> [Exercise aim]: Give back an exact copy of the lines in the records below, from the line that has "2685 SE Mariposa" through the line that has "Used 2023 RAM", and nothing besides.
Start of Extracted information
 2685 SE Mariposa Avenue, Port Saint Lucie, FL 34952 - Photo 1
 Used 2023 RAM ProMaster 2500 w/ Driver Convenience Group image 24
End of Extracted information
Start of Extracted information
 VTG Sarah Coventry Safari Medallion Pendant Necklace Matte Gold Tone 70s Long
End of Extracted information
Start of Extracted information
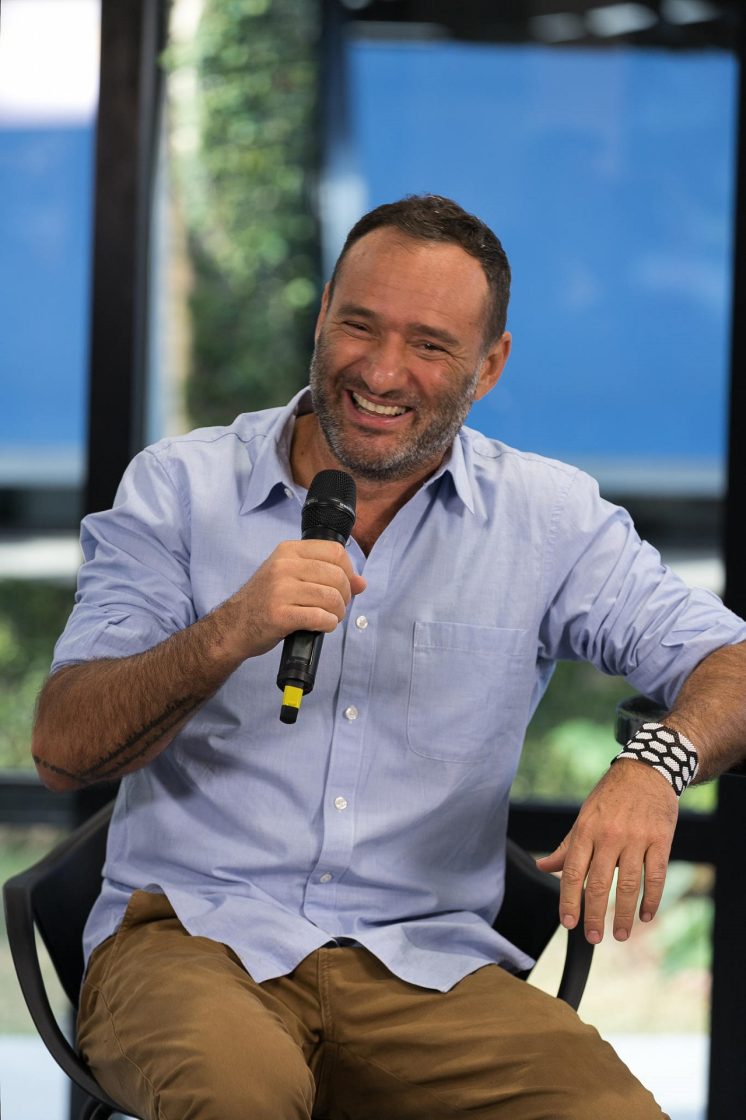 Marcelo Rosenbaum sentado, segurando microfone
End of Extracted information
> [Answer below]:
 2685 SE Mariposa Avenue, Port Saint Lucie, FL 34952 - Photo 1
 Used 2023 RAM ProMaster 2500 w/ Driver Convenience Group image 24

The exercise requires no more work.